Tahini, A Savory Sesame Seed ButterJuly 24th, 2015
When a lot of us were kids, sesame seeds were the enemy, sullying perfectly good hamburger buns. If you spent your childhood fastidiously picking sesame seeds off the tops of your cheeseburger, you’re not alone. But times (and tastes!) change, and it’s time to outgrow your aversion, because those tiny little seeds also happen to be the main component of a super nutrient-dense nut butter called tahini. Never heard of this Middle Eastern staple? Prepare to have your mind blown.
Tahini is a thick paste that’s made up of finely ground sesame seeds. With a consistency reminiscent of peanut butter and a delicate sesame flavor, tahini is a fantastic ingredient to add umami and tons of vitamins to any dish.
Sesame Seeds, Tahini and Nutrition
On their own, sesame seeds are a nutritional powerhouse, but because they’re tiny, it can be tough eat enough of them to reap their many benefits. But don’t let that be your excuse! Sesame seeds contain vitamins B1, B2, B5, and B15, and give you a massive boost of B vitamins and energy. B vitamins are essential to increasing your metabolic rate and regulating nervous system function, and studies show that the nutrients in sesame seeds are also excellent at protecting the liver and kidney from damage.

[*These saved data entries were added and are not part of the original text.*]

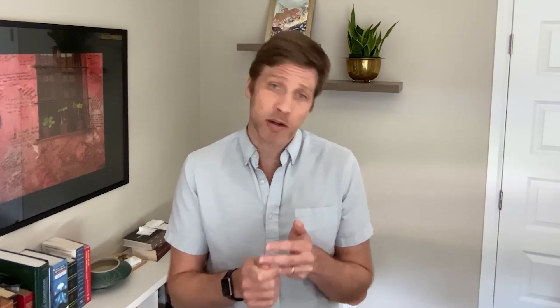You can listen for changes on a map, so you can drive a process in your own company that's based on changes people make on a Felt map.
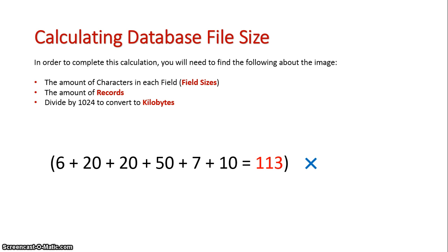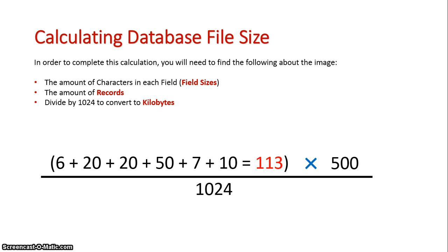And let's say I've got about 500 records in my database. So every time I enter a new record, this will increase. And divide that by 1024.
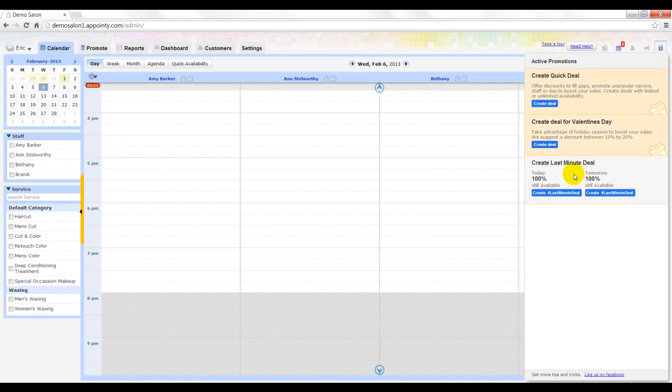Appointee also displays your availability for the next 48 hours and helps to create deals to quickly fill your nearest openings.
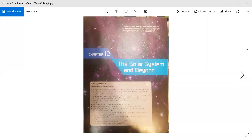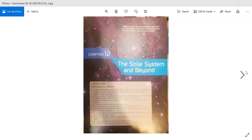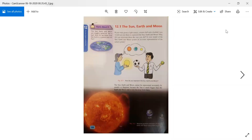Assalamualaikum everyone. This topic we have done before, but we are having a revision. Take out your science books and open Chapter 12, The Solar System and Beyond, moving to page number 258: The Sun, Earth and Moon.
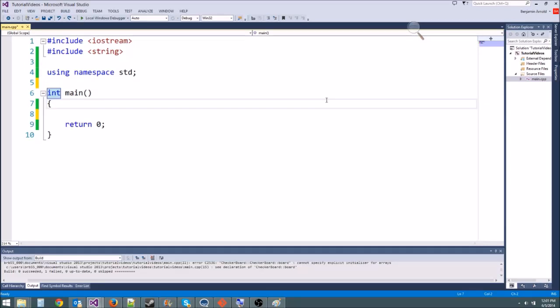Hey guys, Ben here, and welcome to another C++ and game tutorial. Today we're going to be learning about multidimensional arrays, which you are going to need in the next challenge, so it's good that you pay attention right now.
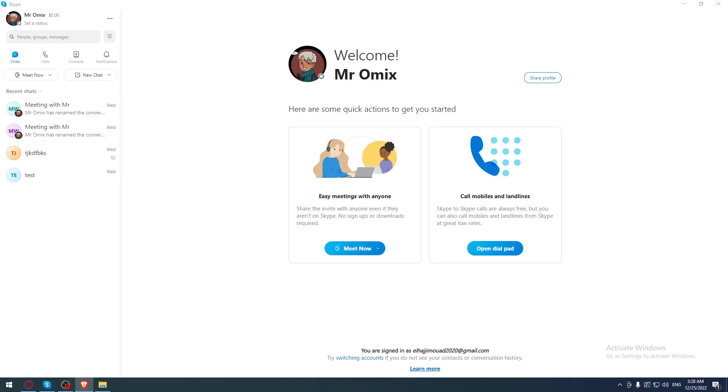Hi, in today's tutorial I'm going to show you how to hide last seen on the Skype application.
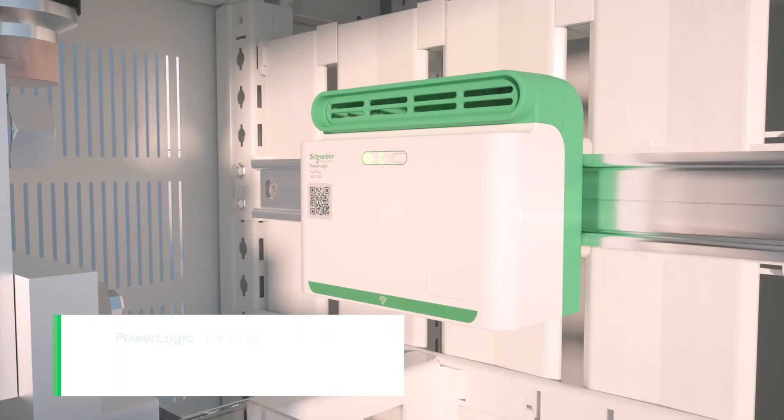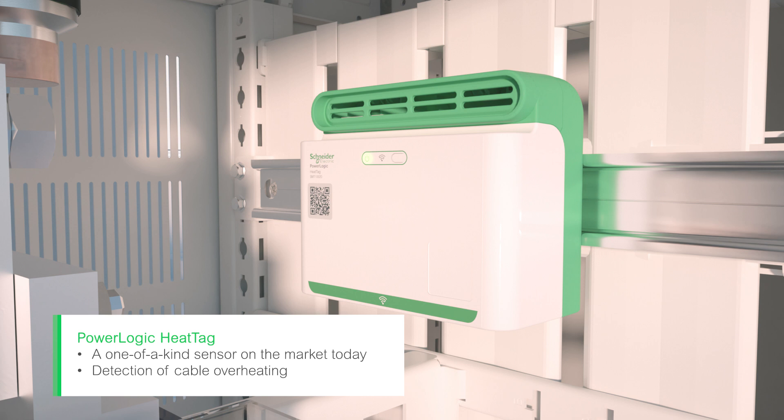PowerLogic HeatTag analyzes the environment inside your panel to detect cable connections overheating.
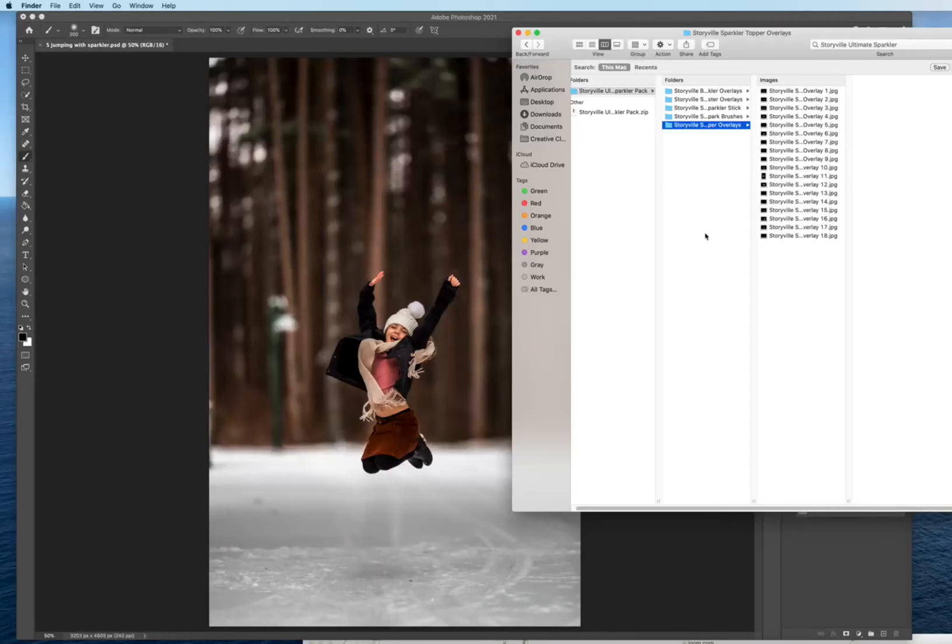Hi everyone, this is Heather Smith with Storyville Photography and today I'm going to show you how to use our Ultimate Sparkler Pack.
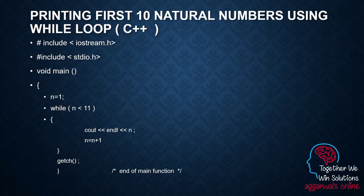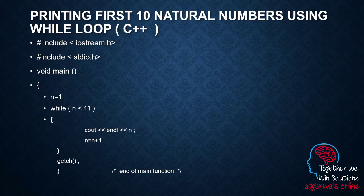The condition says: as long as n's value remains less than 11, we have to print the value of n. Those familiar with C++ know that cout is a statement to display, so it displays the value of n. After displaying the current value of n, it increases the value of n. If you recall from my previous video, there are three basic needs of a loop: the first value, the last value, and the jump value. These three values are clearly visible here — this is the initial value, this is the last value, and this is the jump value. This is how the loop is able to display the first 10 natural numbers.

Tahini is also high in vitamin E, so it protects your heart and slows down premature aging and sagging skin. Even though tahini is a little high in fat (like most nut butters), these are healthy natural fats that will keep you satisfied.
Even if you’ve never had tahini on it’s own, you probably already know the taste—it’s the second ingredient in hummus. This tahini chicken recipe makes great use of the seed butter in a Mediterranean sauce. You don’t have to limit your tahini use to savory dishes, though. Whip some honey into your tahini sauce for a sweet antibacterial and calcium-dense answer to artificially sweetened peanut butter, or for a proper dessert, try making these delicious date cookies.